Work request: Return the lines of the material below exactly, beginning with the line that has "2018 Audi Q5 Premium Plus AWD photo" in it and finishing with the line that has "VW Amarok Volkswagen" in it. Leave all pictures aside.

Supplied data:
....................
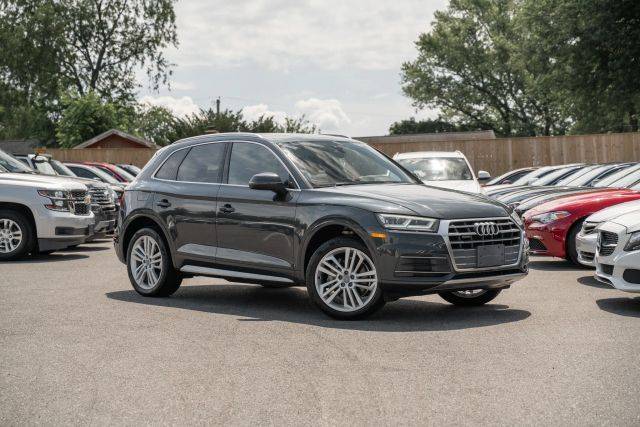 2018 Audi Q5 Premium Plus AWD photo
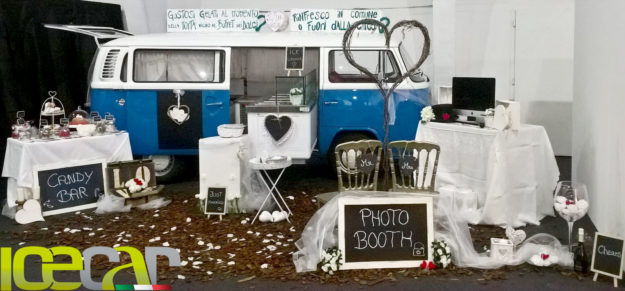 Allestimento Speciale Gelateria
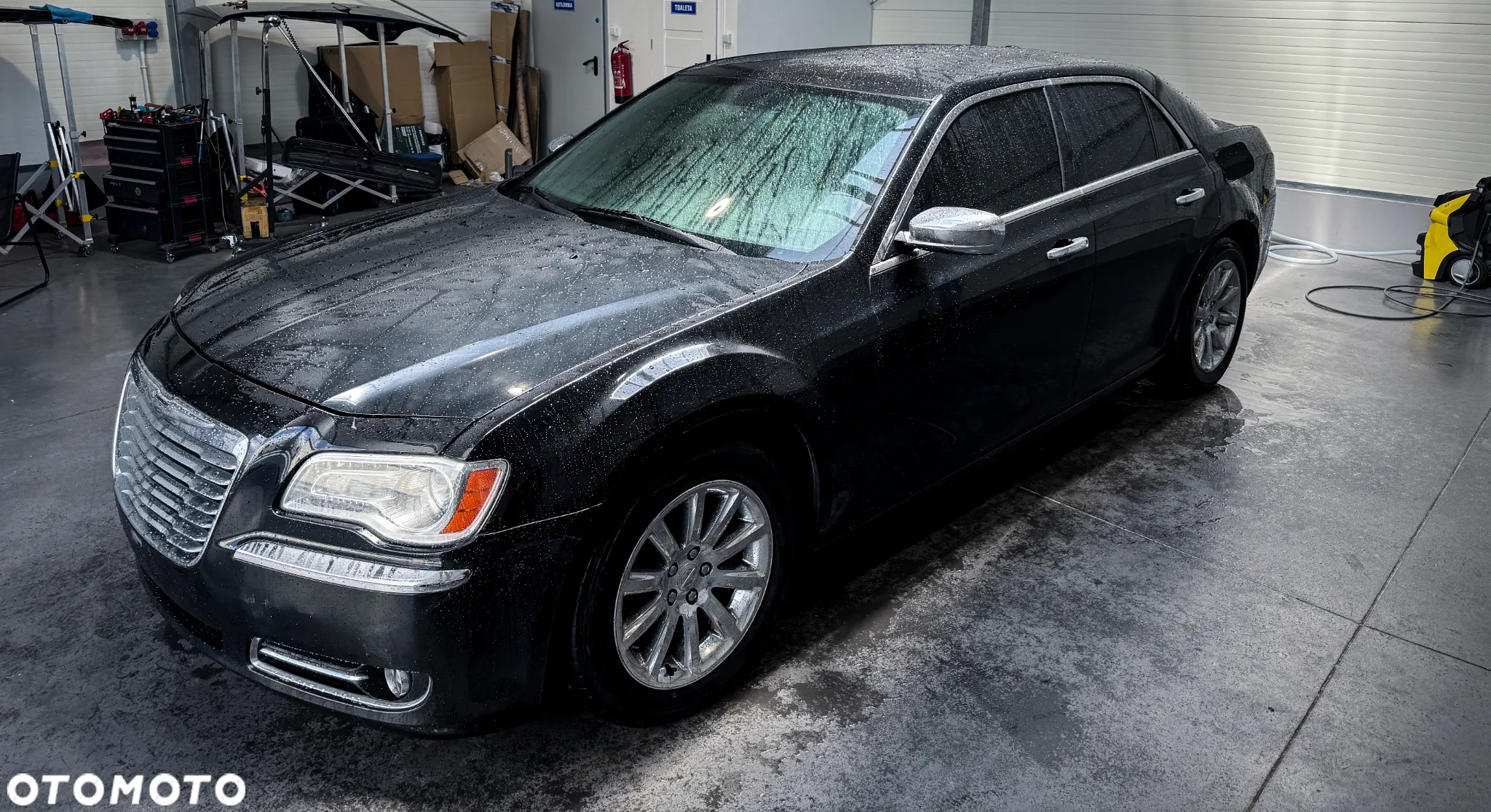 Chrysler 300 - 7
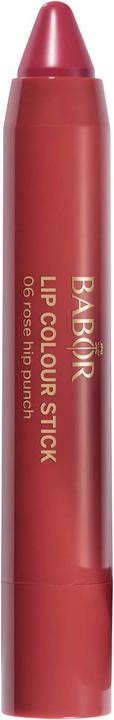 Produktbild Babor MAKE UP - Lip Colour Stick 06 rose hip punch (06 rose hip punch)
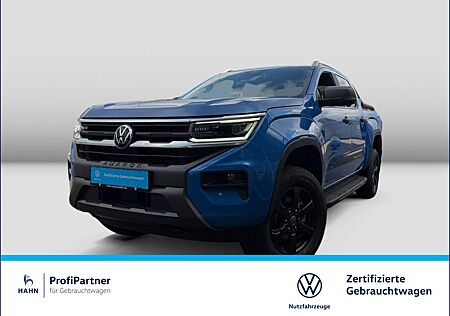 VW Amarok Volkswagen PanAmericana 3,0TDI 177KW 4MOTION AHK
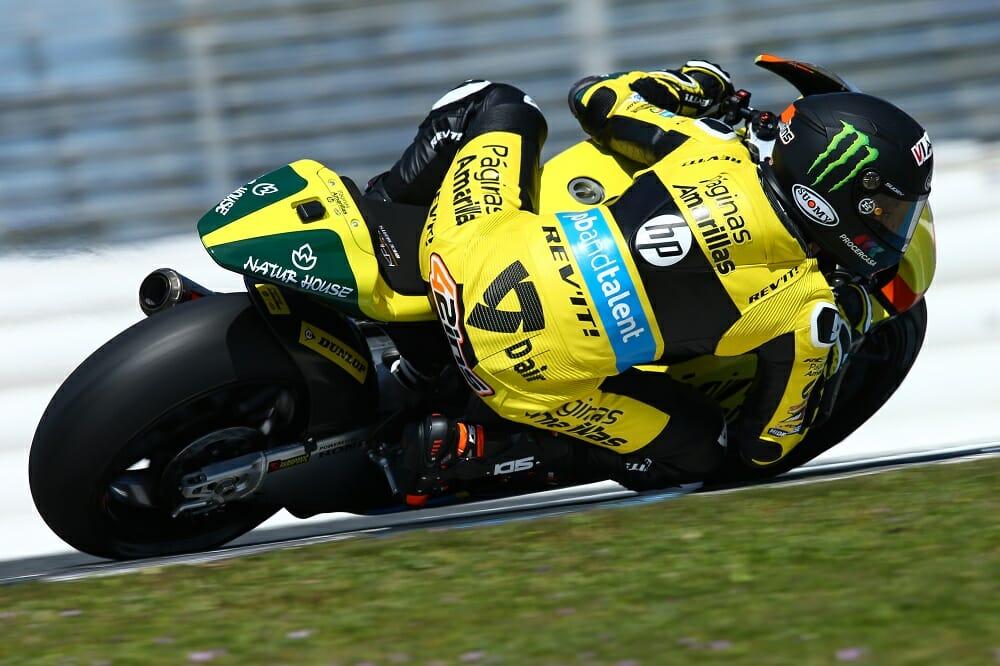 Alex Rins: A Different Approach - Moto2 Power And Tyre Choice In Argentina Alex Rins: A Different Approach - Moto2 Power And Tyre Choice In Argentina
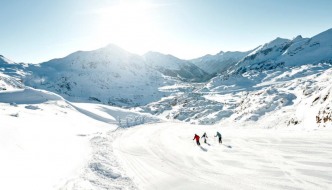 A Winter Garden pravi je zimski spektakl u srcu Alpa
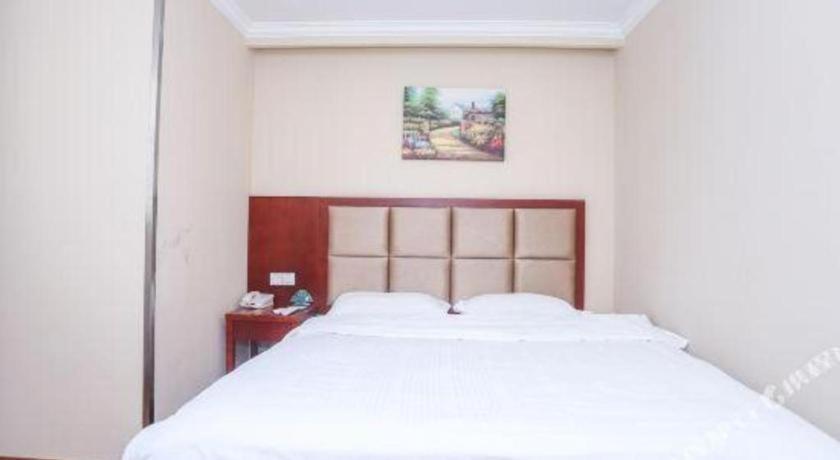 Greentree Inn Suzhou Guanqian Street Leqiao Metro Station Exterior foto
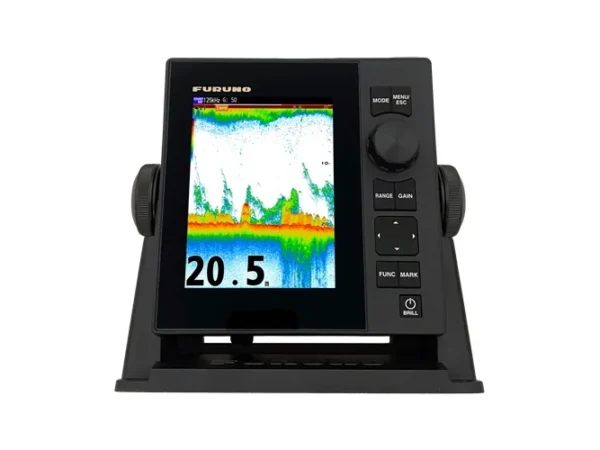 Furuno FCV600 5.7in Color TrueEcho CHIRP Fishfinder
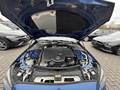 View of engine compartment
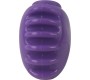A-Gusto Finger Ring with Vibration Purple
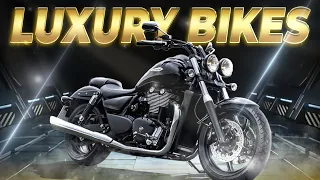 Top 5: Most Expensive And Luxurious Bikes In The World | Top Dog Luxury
....................
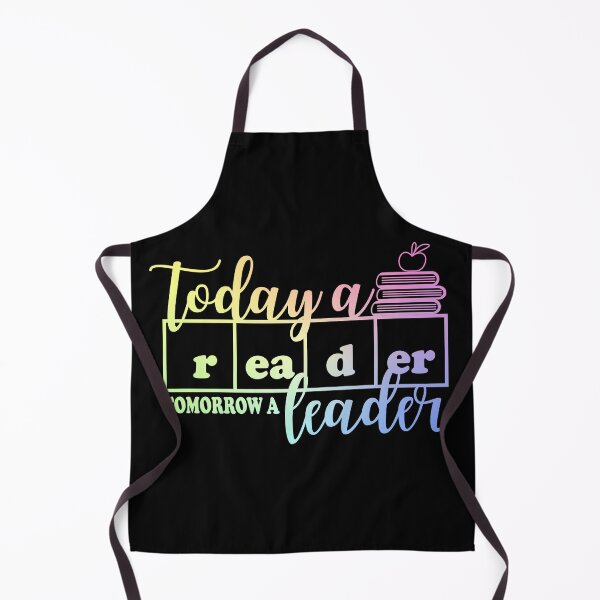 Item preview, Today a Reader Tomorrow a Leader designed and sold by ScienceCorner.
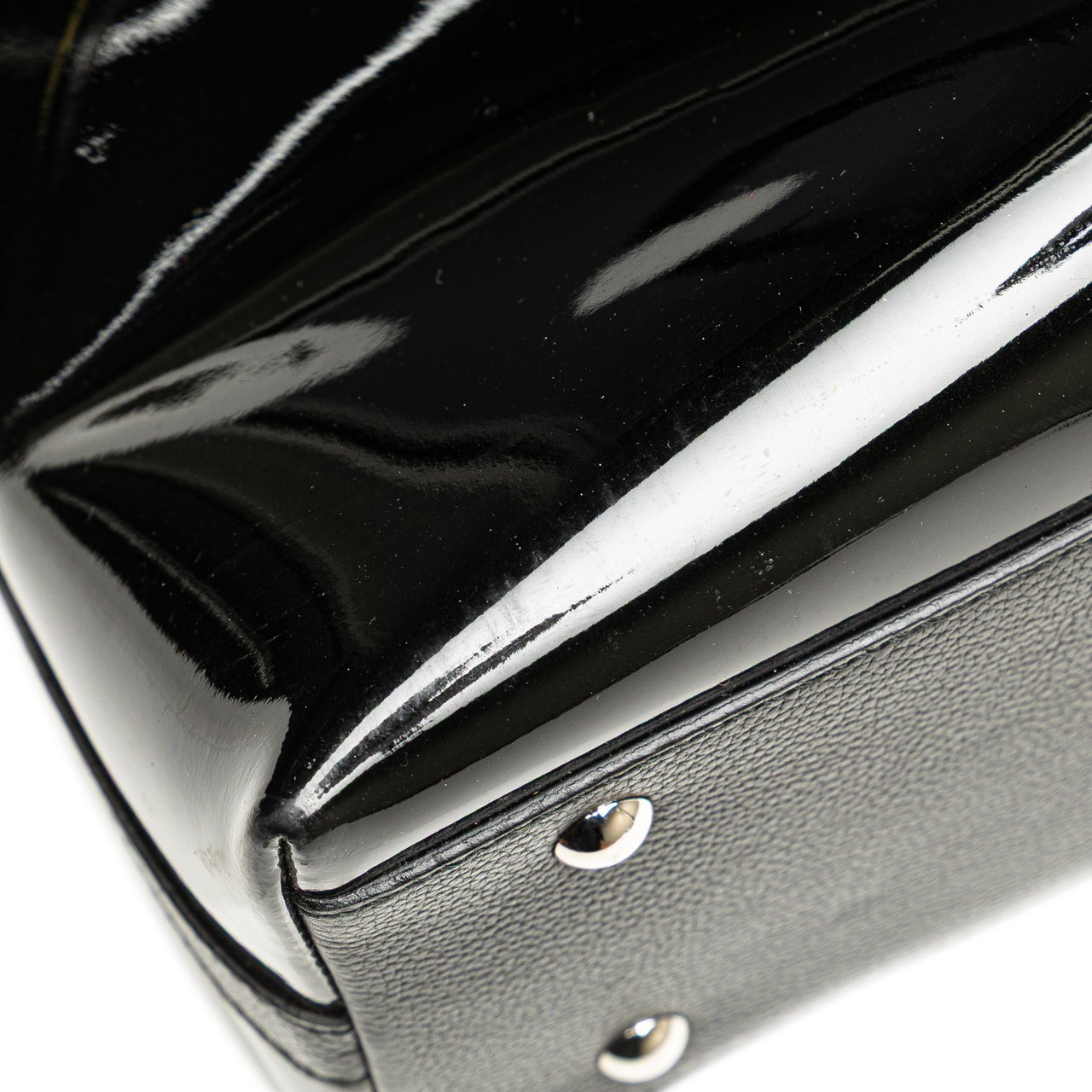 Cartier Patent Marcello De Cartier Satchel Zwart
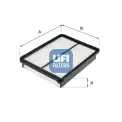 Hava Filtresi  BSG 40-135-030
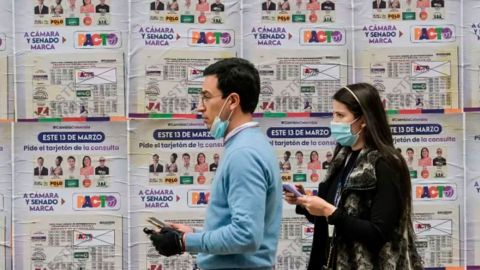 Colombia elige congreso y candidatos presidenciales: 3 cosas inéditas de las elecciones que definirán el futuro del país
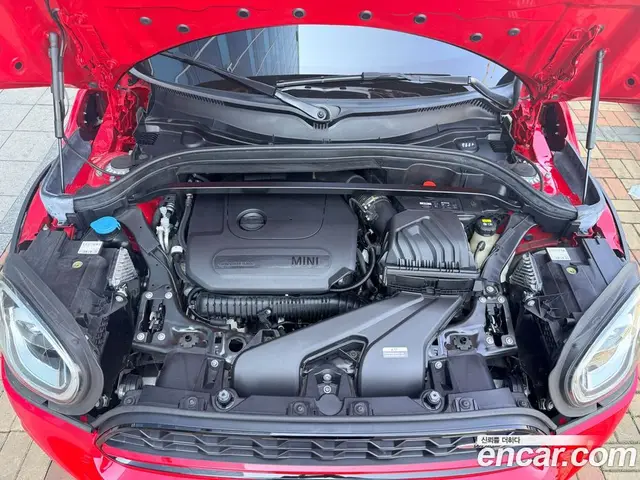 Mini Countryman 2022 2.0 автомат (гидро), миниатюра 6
....................
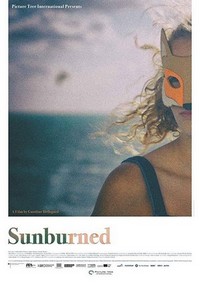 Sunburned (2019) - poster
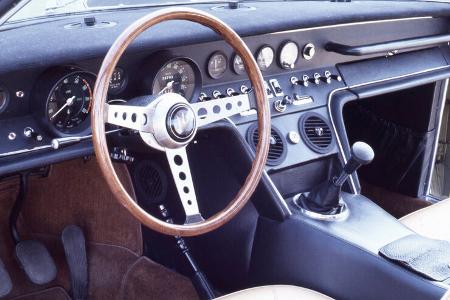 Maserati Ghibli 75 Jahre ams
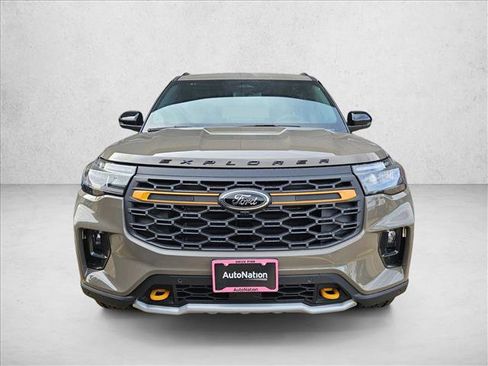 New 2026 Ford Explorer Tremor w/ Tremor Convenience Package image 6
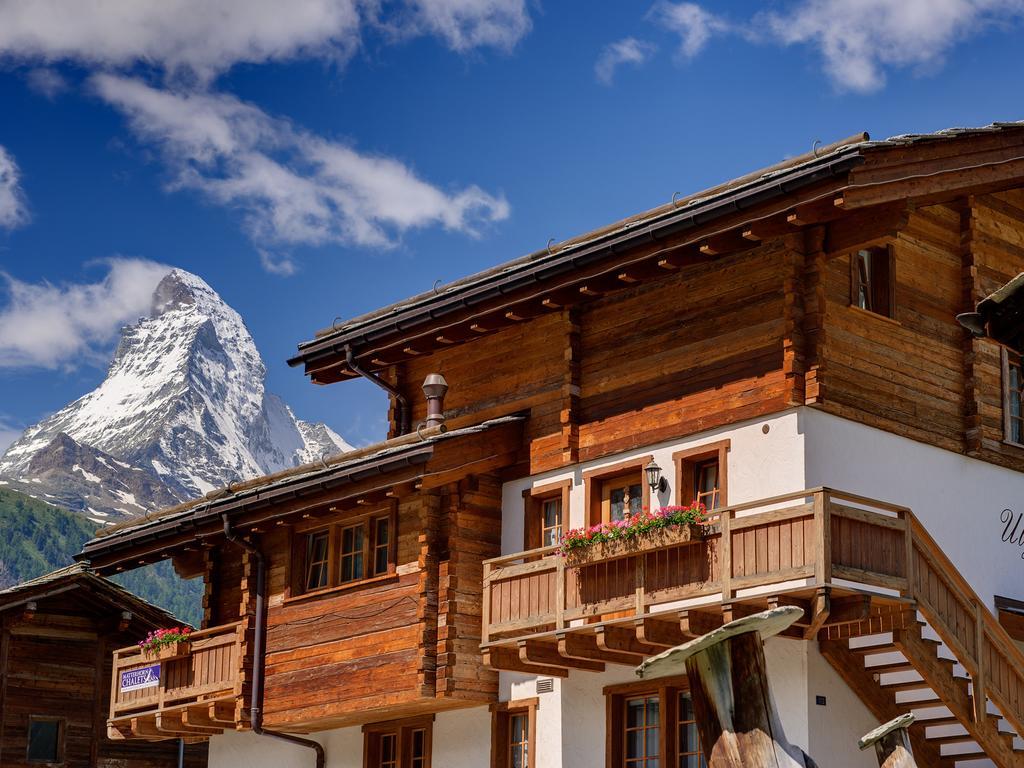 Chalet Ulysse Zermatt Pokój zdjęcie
....................
Task answer:
 2018 Audi Q5 Premium Plus AWD photo
 Allestimento Speciale Gelateria
 Chrysler 300 - 7
 Produktbild Babor MAKE UP - Lip Colour Stick 06 rose hip punch (06 rose hip punch)
 VW Amarok Volkswagen PanAmericana 3,0TDI 177KW 4MOTION AHK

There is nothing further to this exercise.